Bebendo da fonte de fatos como a segregação racial, o fervor da sociedade norte-americana branca, os bastidores dos fatos históricos da época sob nova óptica e brincando com a inserção de fatos atuais (como no oitavo episódio, onde se ouve o discurso de uma garota de 11 anos proferido em 2018 num ato contra a violência armada, o “March for Our Lives” nos EUA; ou no episódio seguinte, quando o tocante poema “Catch the Fire” de Sonia Sanchez é recitado), Lovecraft Country convida o telespactador a refletir e se reeducar no que tange às questões da quantidade de melanina de um ser humano. Pautas desse calibre estão cada vez mais presentes dentro e fora da ficção. Tal questão é como a gravidade: aperta de todos os lados, mas você só percebe quando a sua cara encontra o chão.
Agora chega aqui, rapidinho. Eu falei anteriormente que já vimos coisa pior no nosso dia a dia pelo simples fato de sermos brazucas, não é? Mas, cá entre nós, Lovecraft Country está mais próxima de nós do que imaginamos e eu acho que temos que concordar que ela é também um pouco nossa. No episódio “I am.”, o famoso sétimo episódio para os que, assim como eu, não decoram os títulos dos episódios, a roteirista Shannon Houston revelou que em uma das cenas o figurino de uma das personagens é totalmente — eu disse totalmente — inspirado na nossa onipotente Elza Soares.

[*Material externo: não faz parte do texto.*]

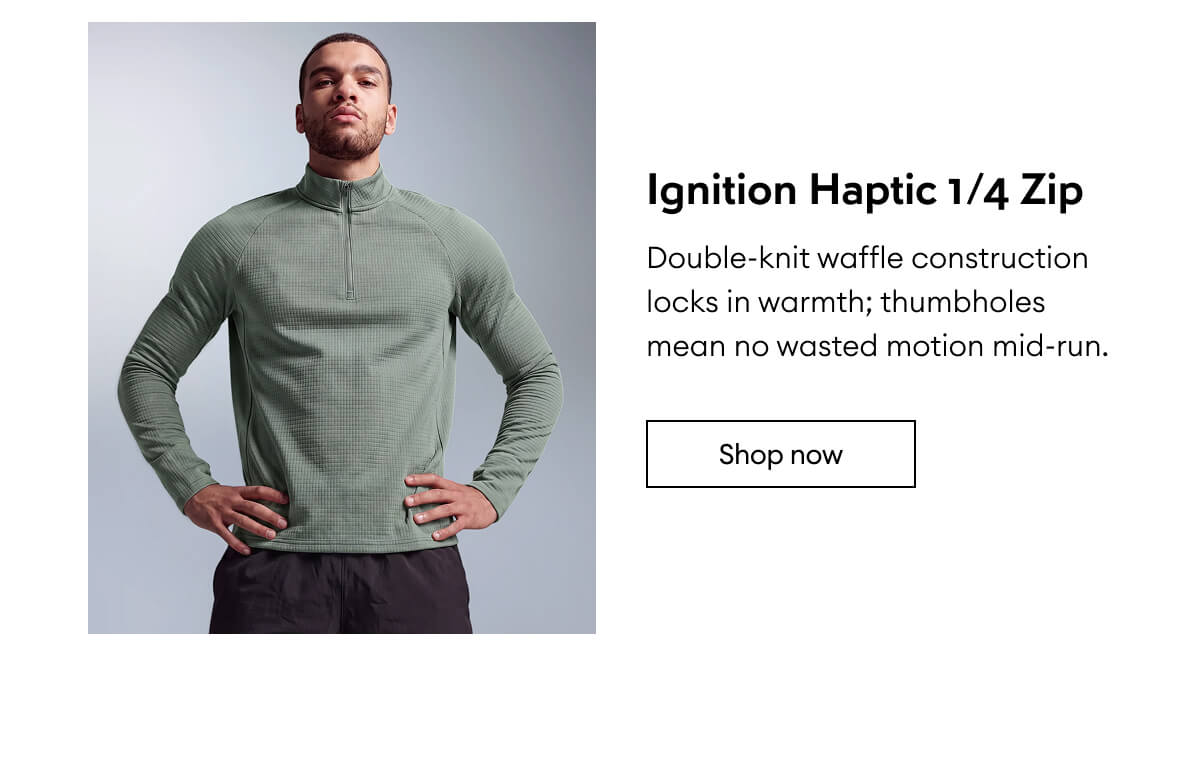 Ignition Haptic 1/4 Zip | Shop now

Nós brasileiros somos anfitriões nessa eterna festa chamada reviravolta cinematográfica, mas por essa a gente não esperava. Com o andar da nossa carruagem, daqui a pouco vai ser fácil buscar inspiração para um terror que realmente assusta. Não que Lovecraft Country não assuste, não foi isso que eu quis dizer.
Aproveite essa dica com cheirinho de conselho e veja Lovecraft Country. De nada.